Das Landesarbeitsgericht Köln befand in seinen Urteil vom 02.08.2010 (2 Sa 176/10), daß wenn der bisherige Betriebsinhaber nach Betriebsübergang gegenüber einem übergegangenen Arbeitnehmer kündige und der Arbeitnehmer danach dem stattgefundenen Betriebsübergang widerspreche, zum Kündigungszeitpunkt ein Arbeitsverhältnis zwischen Arbeitnehmer und Kündigendem bestanden habe. Die zum Kündigungszeitpunkt gegebenen Umstände (Betriebsgröße, Existenz eines Betriebsrats, Stilllegungsabsicht) seien der Prüfung der Wirksamkeit zugrundezulegen.

Dies hatte in dem vorliegenden Verfahren zur Folge, daß ein Arbeitsverhältnis zu dem Betriebsübernehmer nicht begründet worden war und das Arbeitsverhältnis zum bisherigen Betrieb gemäß § 1 KSchG die betriebsbedingte Kündigung rechtfertigten.

In dem Verfahren stritten die Parteien streiten um die Wirksamkeit einer Kündigung vom 20.04.2009 des Beklagten zu 1. (Insolvenzverwalter des bisherigen Betriebs) sowie um die Frage, ob die Beklagte zu 2. (Betriebsübernehmer) verpflichtet sei, die Klägerin nach einem Betriebsübergang weiter zu beschäftigen.

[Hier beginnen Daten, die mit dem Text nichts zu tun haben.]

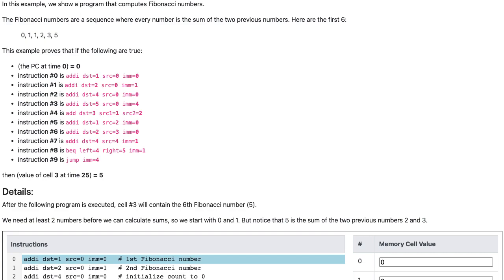Let's study the program that computes Fibonacci numbers. The Fibonacci numbers are a sequence where every number is the sum of the two previous numbers. Here are the first six: 0, 1, 1, 2, 3, 5.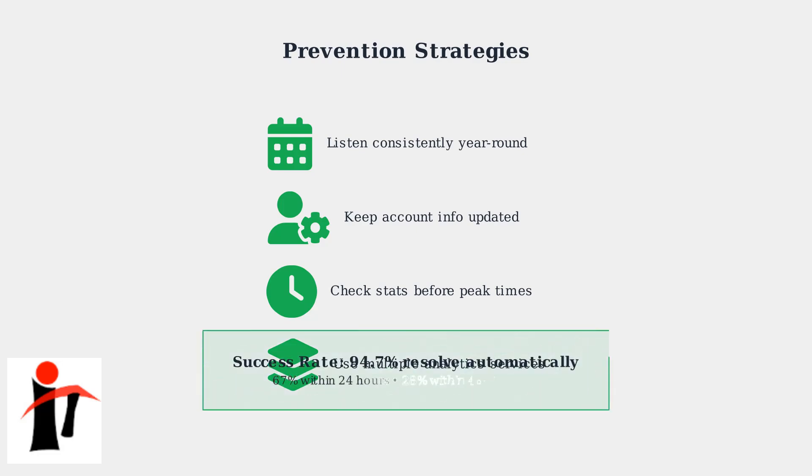Remember that most cases resolve automatically within 24 to 48 hours. These solutions provide alternatives when you need immediate access to your music data or want to prevent future delays.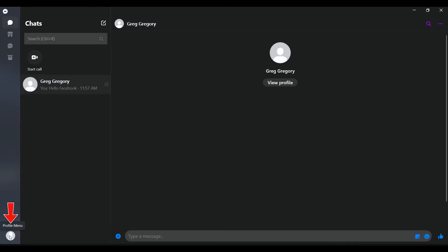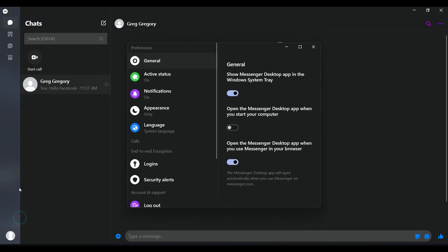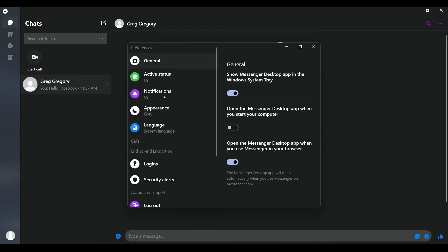Just click on it and a pop-up will open saying preferences. Click on it as well. Now let's scroll down. In here you can see many options like active status, notification, appearance. We'll look at that later.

Die am 26.12.1968 geborene, verheiratete und einem Kind unterhaltsverpflichtete Klägerin war seit dem 01.07.1999 als Verkaufsabteilungsleiterin im Betrieb A der Gemeinschuldnerin beschäftigt. Gegenstand des Unternehmens der Gemeinschuldnerin war der Einzelhandel mit Bekleidung. Das Unternehmen führte deutschlandweit 39 Filialen. In dem Betrieb A waren vor der Insolvenzeröffnung am 01.10.2008 elf Mitarbeiter beschäftigt. Es war ein Betriebsrat gewählt worden.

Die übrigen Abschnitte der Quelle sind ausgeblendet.